### Exercise prompt:
Write out the lines of the material below exactly, beginning at the line with "to Gangstas Paradise" and stopping after the line with "Motswari Private Game Reserve by NEWMARK", and leave out the pictures.

### Dataset:
—————

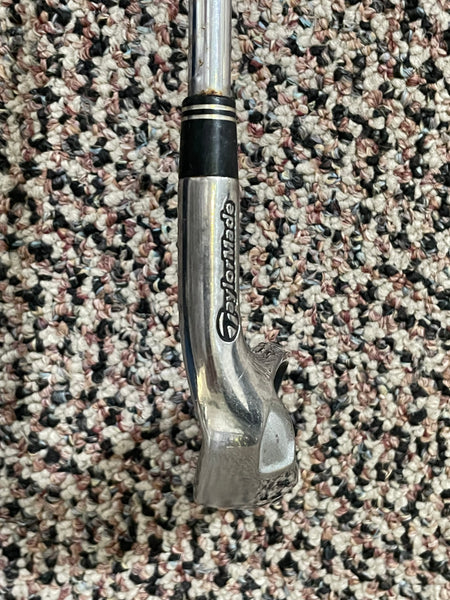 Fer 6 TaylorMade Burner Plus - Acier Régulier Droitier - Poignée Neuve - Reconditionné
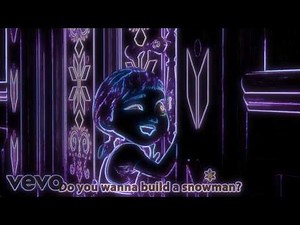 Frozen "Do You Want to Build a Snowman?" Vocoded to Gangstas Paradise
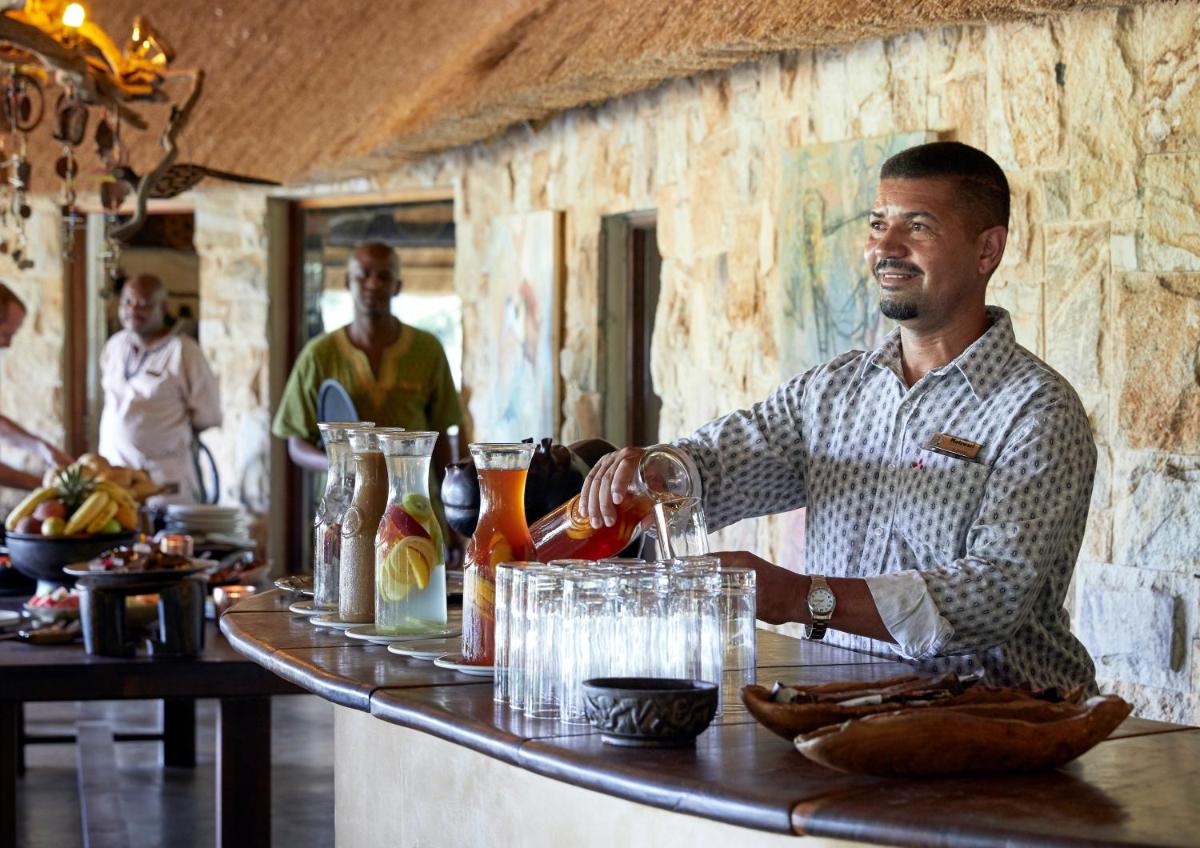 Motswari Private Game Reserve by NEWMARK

—————

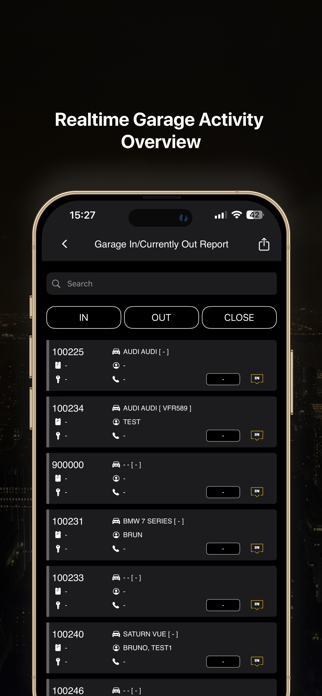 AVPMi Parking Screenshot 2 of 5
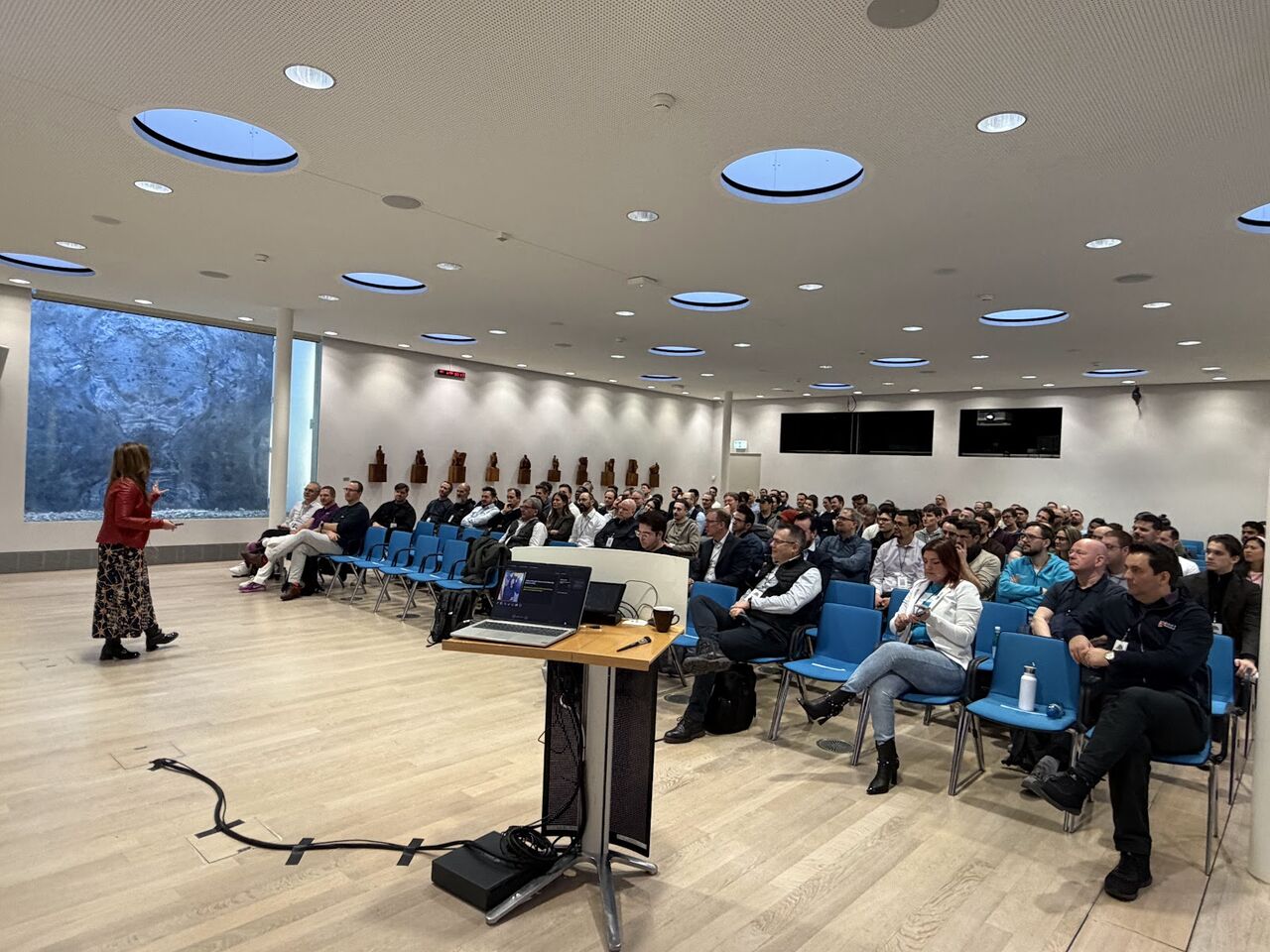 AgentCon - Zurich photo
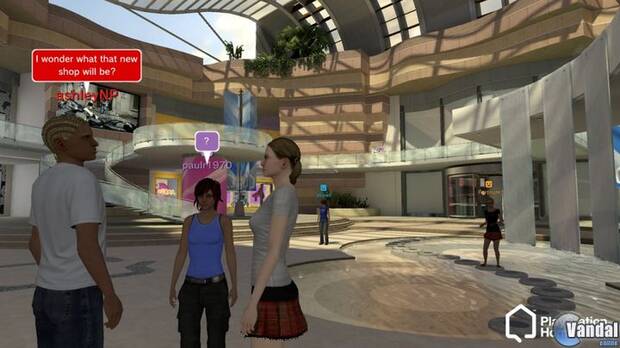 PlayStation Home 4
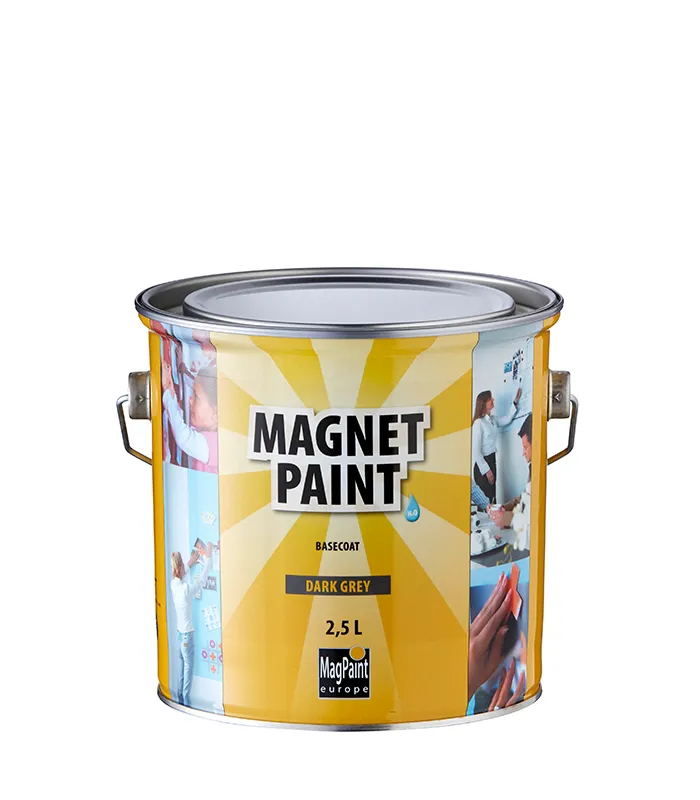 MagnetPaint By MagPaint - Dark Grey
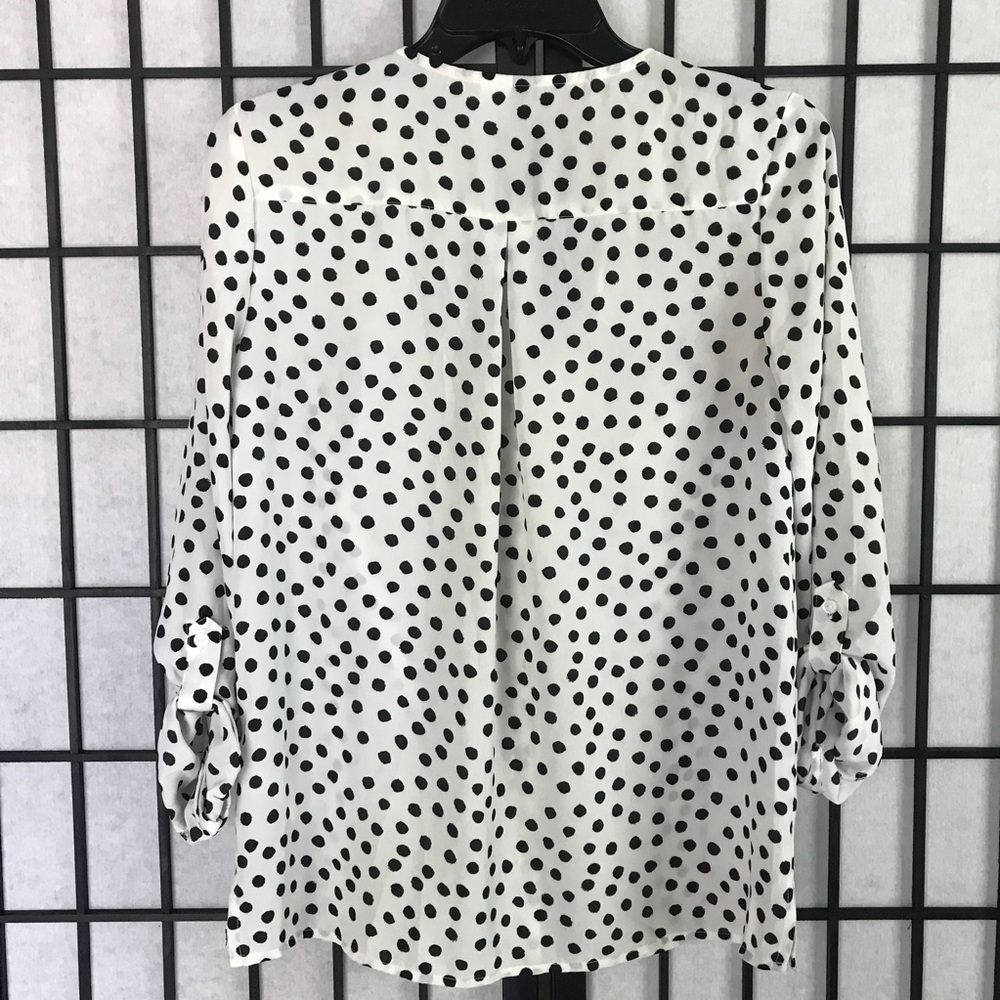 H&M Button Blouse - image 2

—————

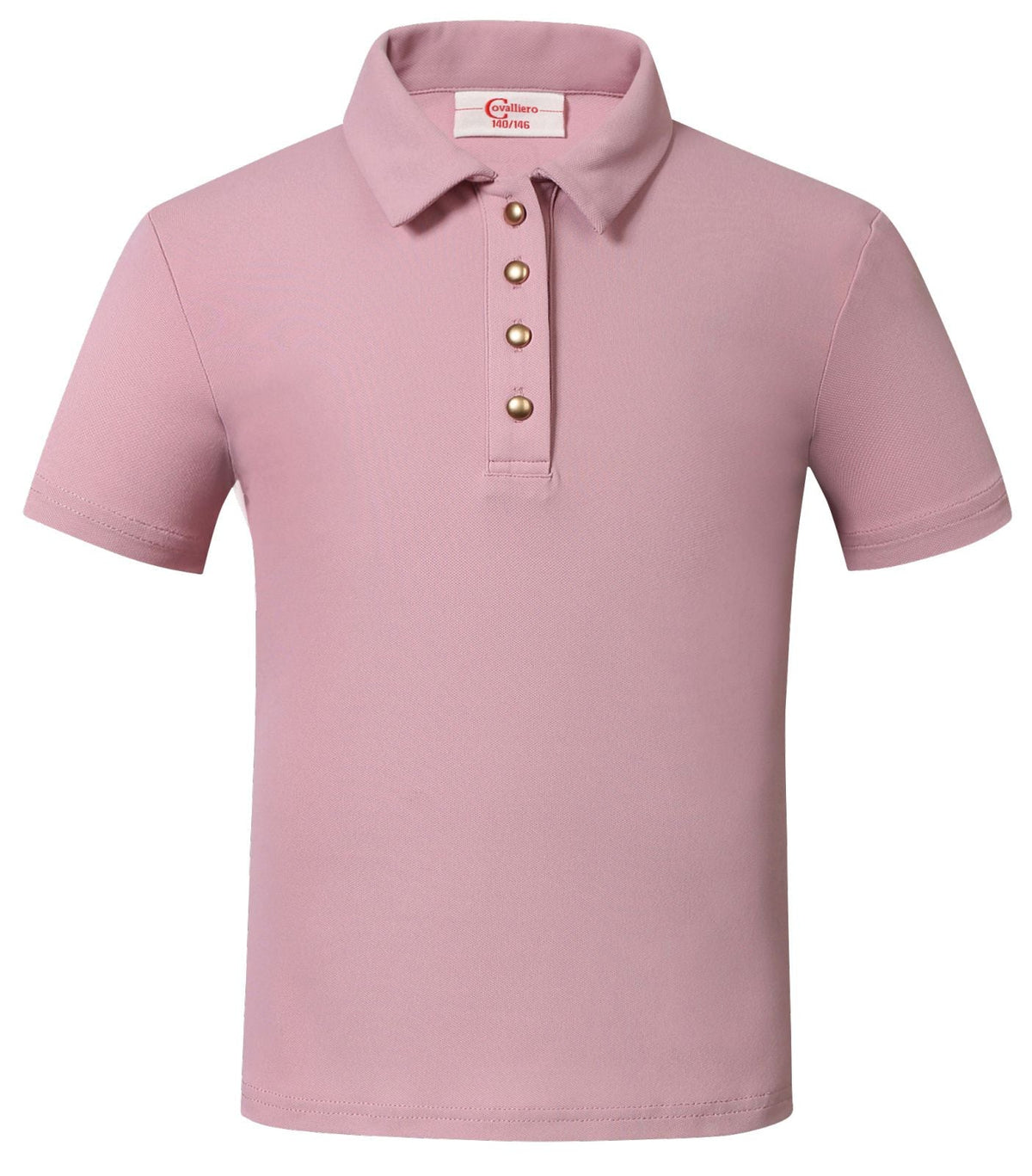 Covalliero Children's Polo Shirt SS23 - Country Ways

—————

### Answer area:
 Frozen "Do You Want to Build a Snowman?" Vocoded to Gangstas Paradise
 Motswari Private Game Reserve by NEWMARK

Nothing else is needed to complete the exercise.